Sending event: import_begin
Import of the directory:
/mnt/the_path/downloads
was interrupted. Resume (Y/n)?
Resuming interrupted import of /mnt/the_path/downloads
Sending event: import_task_created
Sending event: import_task_start
Looking up: /mnt/the_path/downloads/[2017] The Circle
Tagging Heretoir - The Circle
Searching for discovered album ID: ab7f7076-8b41-45a3-aaee-45e61638a954
discogs: Searching for release ab7f7076-8b41-45a3-aaee-45e61638a954
bandcamp: Not a bandcamp URL, skipping
Search terms: Heretoir - The Circle
Album might be VA: False
discogs: Getting master release 245053
Sending event: albuminfo_received
Candidate: The Perfect Circle - The Perfect Circle (7408302)
Computing track assignment...
...done.
Success. Distance: 0.67
discogs: Getting master release 120029
Sending event: albuminfo_received
Candidate: Nitty Gritty Dirt Band Featuring Maybelle Carter , Earl Scruggs , Doc Watson , Roy Acuff , Merle Travis , Jimmy Martin Also Featuring Vassar Clements , Junior Huskey , Norman Blake , Pete 'Oswald' Kirby - Will The Circle Be Unbroken (1600516)

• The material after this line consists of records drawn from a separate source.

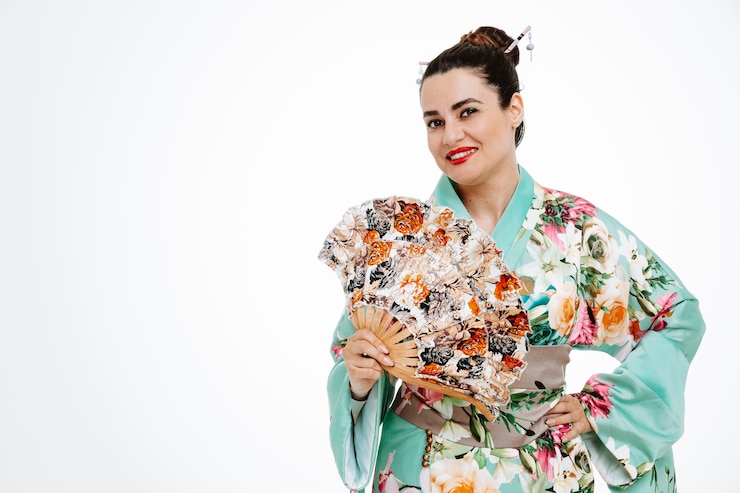 Gratis Foto happy woman in traditional japanese kimono holding hand fan smiling cheerfully on white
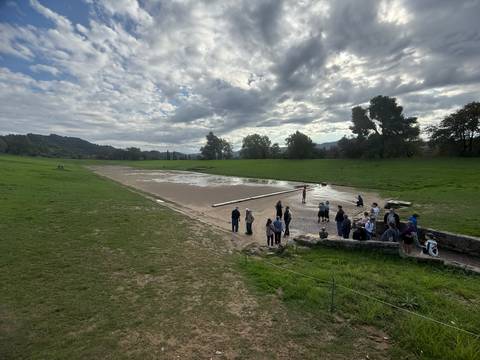       Tour group visiting ancient ruins in a field.
  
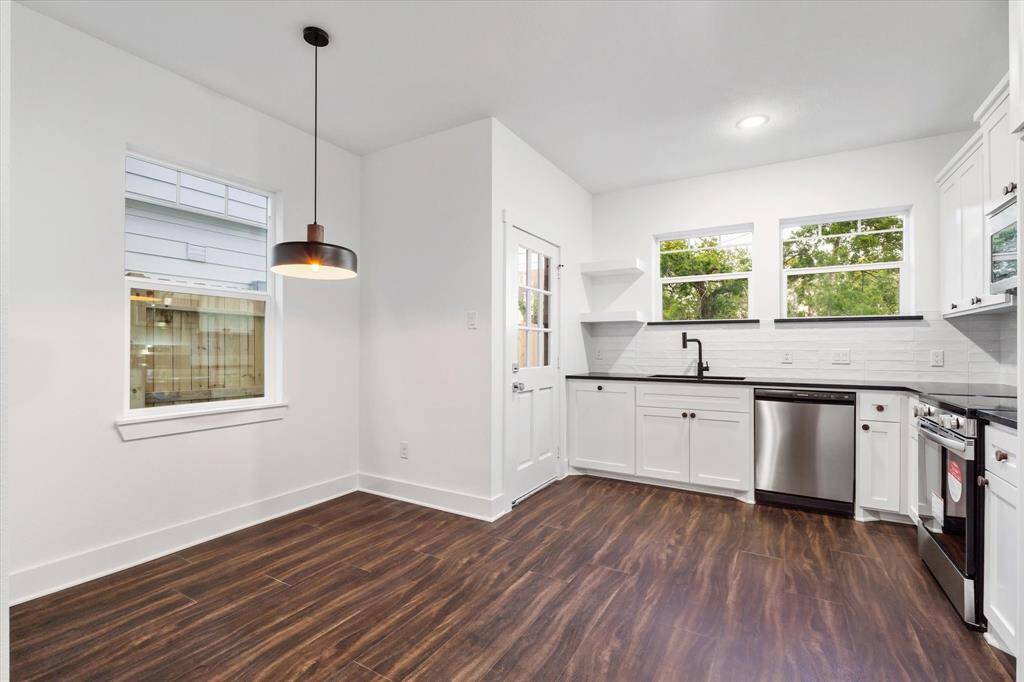Here’s the breakfast nook—can be used for a work space, smaller dining area, or a great space to add a mobile island!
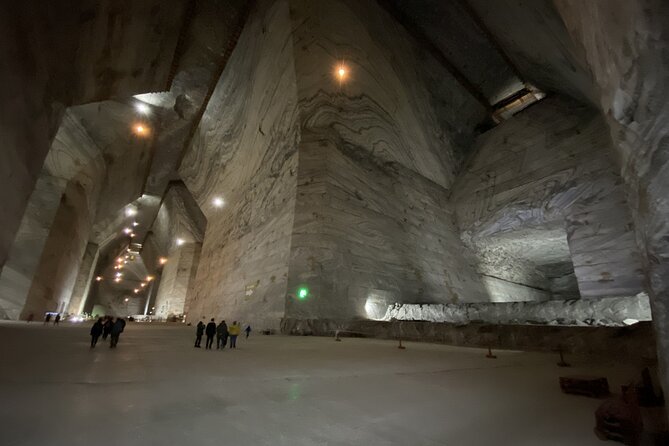 Salt Mine Tour from Bucharest with Entrance Ticket - Entering the Mine: Salt Lake, Waterfall, and the 217-Meter Chill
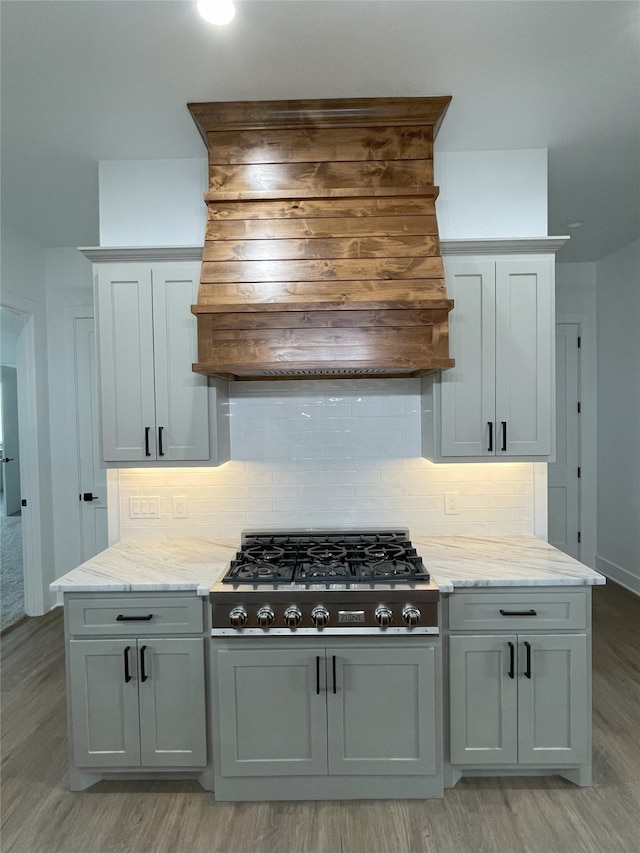 1428 Dixie Estates Way, Whitesboro, TX 76273 - kitchen featuring stovetop, custom exhaust hood, light wood-style floors, and tasteful backsplash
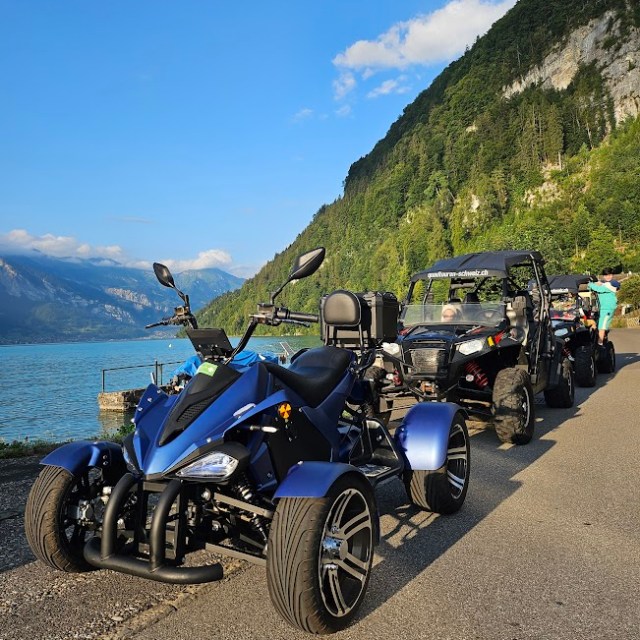 a motorcycle is parked on the side of a mountain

Computing track assignment...
...done.
Success. Distance: 0.82
discogs: Getting master release 54377
Sending event: albuminfo_received
Candidate: Wipers - The Circle (2238474)
Computing track assignment...
...done.
Success. Distance: 0.67
Sending event: albuminfo_received
Candidate: Nitty Gritty Dirt Band - Will The Circle Be Unbroken (8398653)
Computing track assignment...
...done.
Success. Distance: 0.81
discogs: Getting master release 94275
Sending event: albuminfo_received
Candidate: Tomcraft - The Circle (39668)
Computing track assignment...
...done.
Success. Distance: 0.70
bandcamp: Searching releases of type 'a' for query 'Heretoir - The Circle' using '{'query': 'Heretoir - The Circle', 'artist': 'Heretoir', 'label': '', 'search_type': 'a'}'
Sending event: albuminfo_received
Candidate: Heretoir - The Circle (https://heretoir.bandcamp.com/album/the-circle)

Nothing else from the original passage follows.